Increased kube-apiserver 504s with Kubernetes 1.21

Cluster information:

Kubernetes version: v1.21.3
Cloud being used: AWS
Installation method: Kops 1.21.0
Host OS: ubuntu/images/hvm-ssd/ubuntu-focal-20.04-amd64-server-20210720
CNI and version: calico v3.19.1
CRI and version: containerd v1.4.6

After a rolling update from a 1.20 cluster to 1.21, I’ve noticed an increase in 504 responses from the apiservers. The metric involved is

 sum by(code, group, namespace, resource, subresource, version, verb) (rate(apiserver_request_terminations_total[5m])) > 0

The rate isn’t at all high, but in prior clusters it’s been rock-steady at 0. I’m not sure there’s any meaningful action for me to take other than adding a little bit of tolerance to a low level of these errors, but it seems like someone might be interested in this little problem.

What’s the cause of the 504s from the apiserver container logs?

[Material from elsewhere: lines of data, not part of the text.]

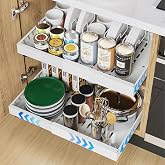 iHomara 2 Pack Expandable Cabinet Organizers with Adhesive, 21 Inch Deep Drawers for Kitchen, 8 Shelves for Pot Lids, Adjusta
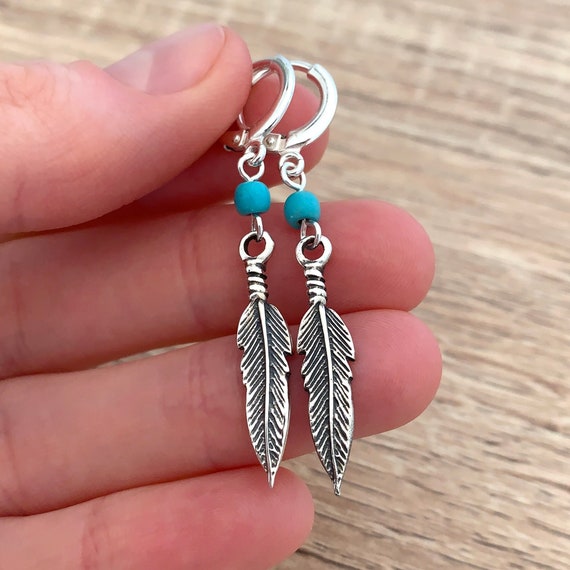 Buy Metallic Leather Earrings Leather Feather Earrings Sparkly Online in  India  Etsy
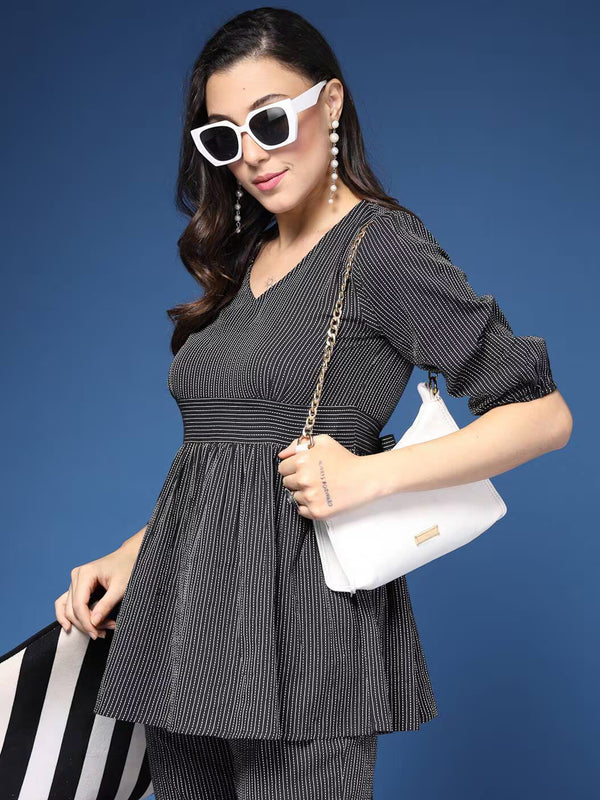 Women Striped 2-Piece Co-Ord Set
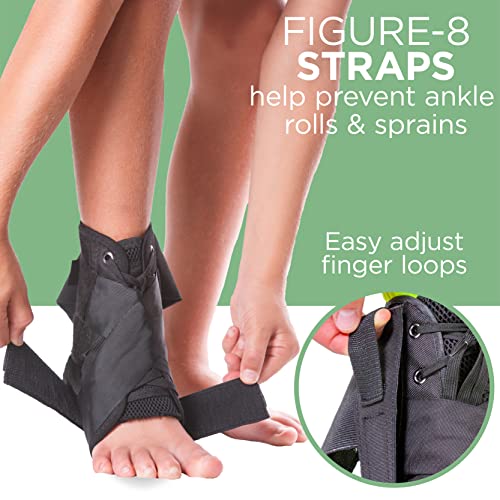 BraceAbility Lace Up Kids Ankle Brace - Pediatric Figure 8 Sprained Foot Support Wrap for Active Youth, Children in Sports, Basketball Protection, Gymnastics, Soccer, and Volleyball (One Size)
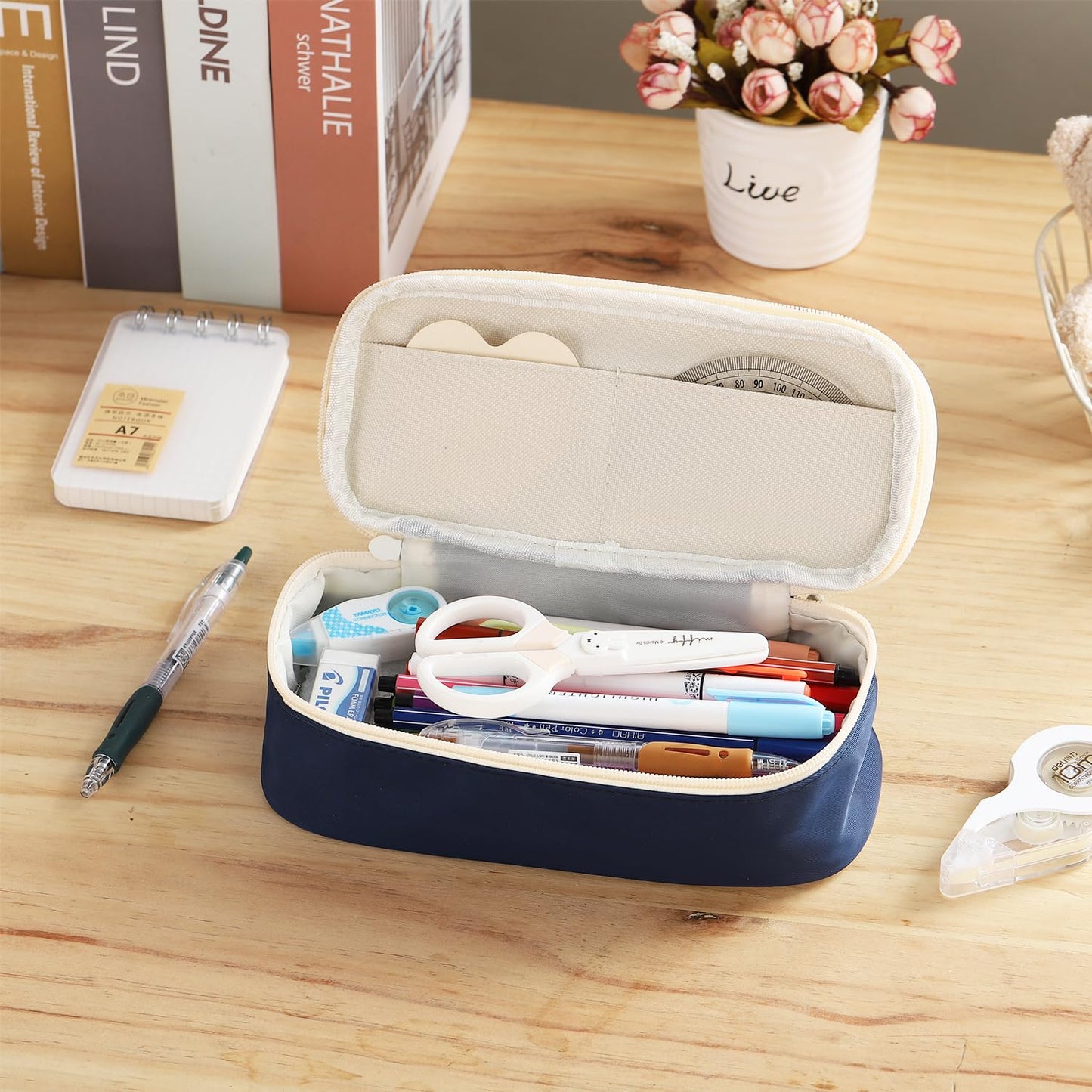 Dugio Big Pencil Case Large Capacity Pencil Bag with Zipper Pencil Pouch for Boys Girls Kids Adults Stationery Pencil Pen Case Organizer for School Office Blue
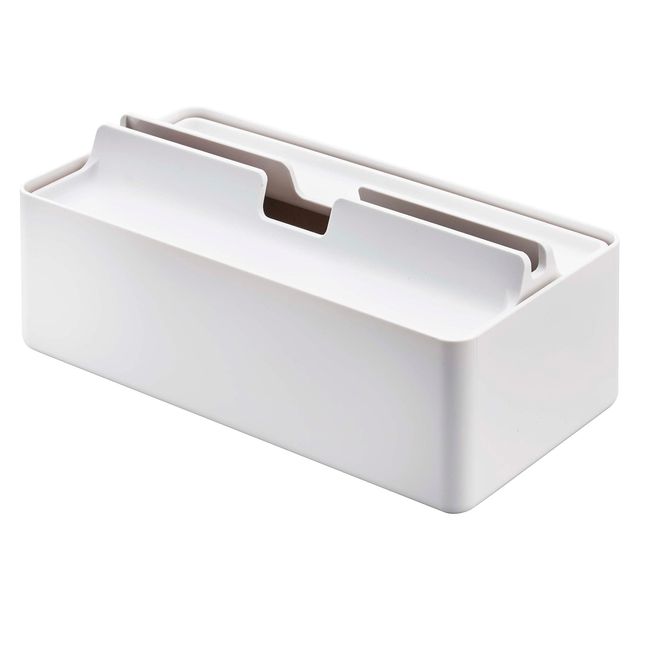 Yamazaki 5874 Tray with Lid, Paper Towel Case, White, Approx. W 10.4 x D 5.3 x H 3.9 inches (26.5 x 13.5 x 10 cm), Tower Tissue Case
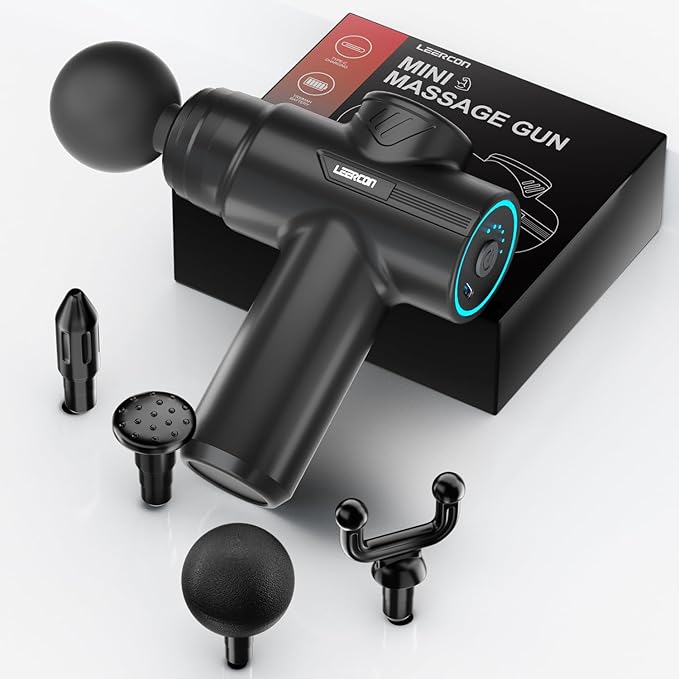 Mini Massage Gun for Deep Tissue Pain Relief, Handheld Portable Percussion Muscle Massager with 6 Speeds & 4 Heads, Fascial Gun for Gym, Office & Travel - Gift for Dad, Mom, Athletes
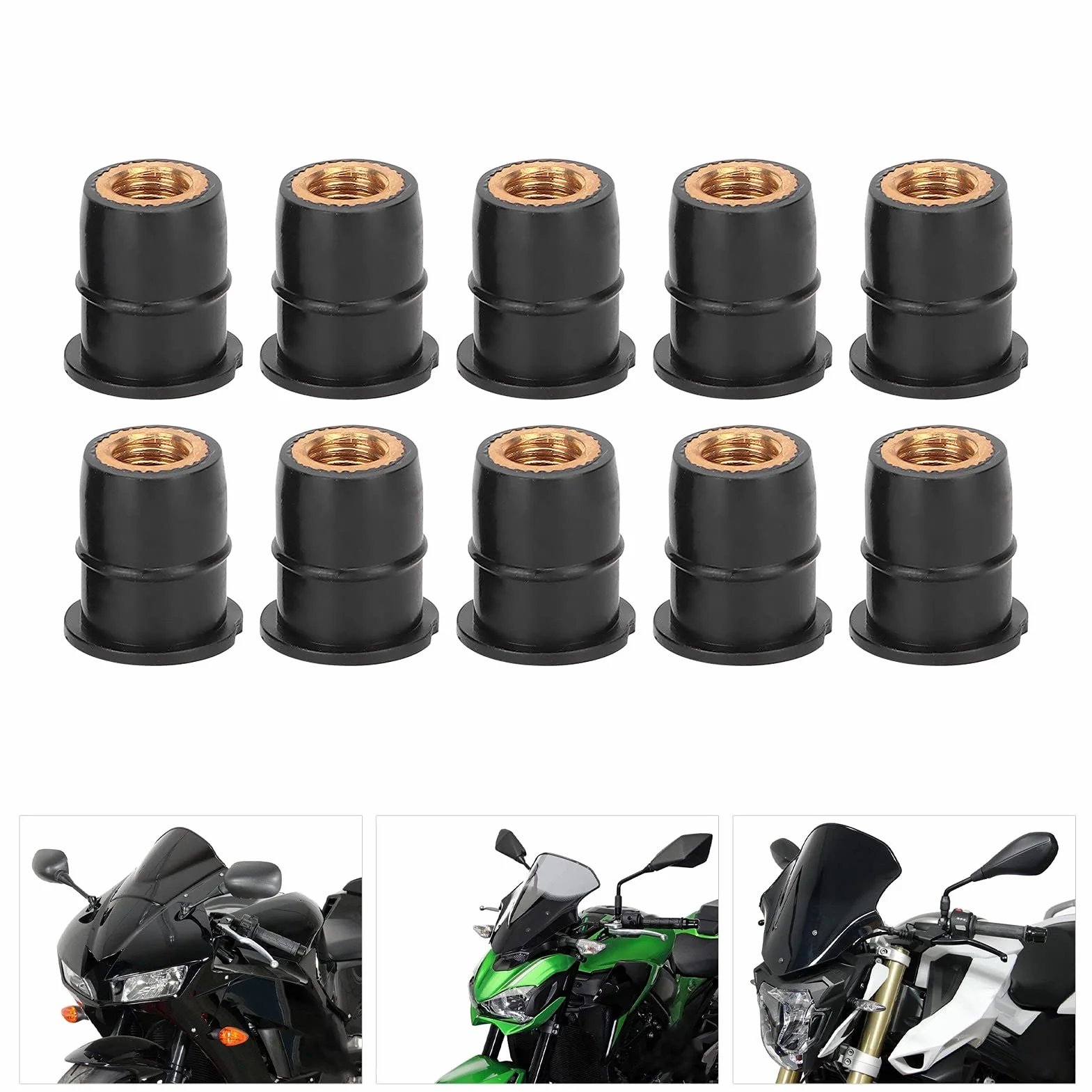 Wkładka Gumowa Nakrętka M6 10PCS M6x0.8mm Gumowy Mosiądz do Motocykla ATV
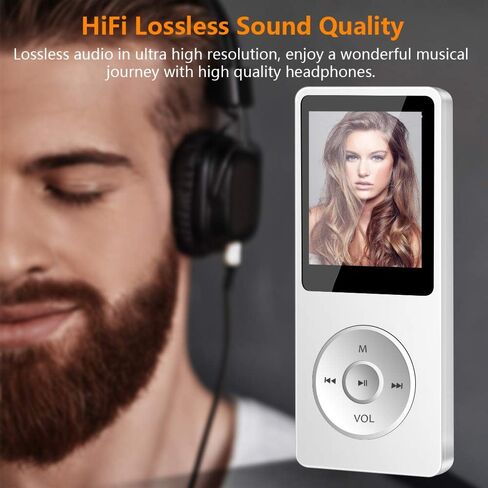 MP3 Player with Bluetooth Portable Music Player with 32GB,Supports Photos/Video Play/FM Radio/Voice Recorder/E-Book Reader,Music Player with HD Speaker,1.8" Screen Supports up to 128GB-White in Kuwait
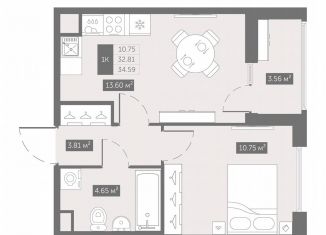 Продам однокомнатную квартиру, 34.6 м2, посёлок Шушары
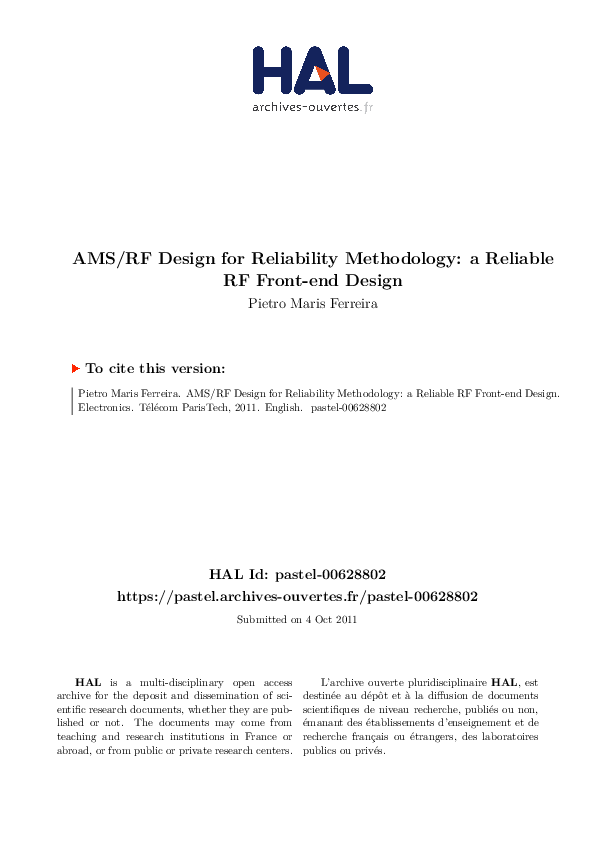 (PDF) AMS/RF Design for Reliability Methodology: a Reliable RF Front ...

My best guess is messages like

1 wrap.go:54] timeout or abort while handling: GET "/api/v1/namespaces/kafka-infra/pods/infra-kafka-1"

are issued at the same time the metrics are incremented. There isn’t really anything obvious in nearby logs to explain why what seems like a pretty simple request is having problems. There’s some other suspicious stuff like

I0819 11:32:17.087600       1 healthz.go:244] etcd check failed: healthz

At this point, I’m going to destroy this cluster and try again. :crossed_fingers: a fresh 1.21 install will behave better. (I do have another 1.21 cluster that was installed in in a similar fashion that seems to be working fine.)

Well, no luck on a newly provisioned cluster working better. I do have a theory that it’s the Strimzi Kafka operator that’s “causing” the problem, is that if I scale Strimzi’s Deployments down to zero, the API server metrics quiet down:

This is not a problem in Kubernetes 1.18.12.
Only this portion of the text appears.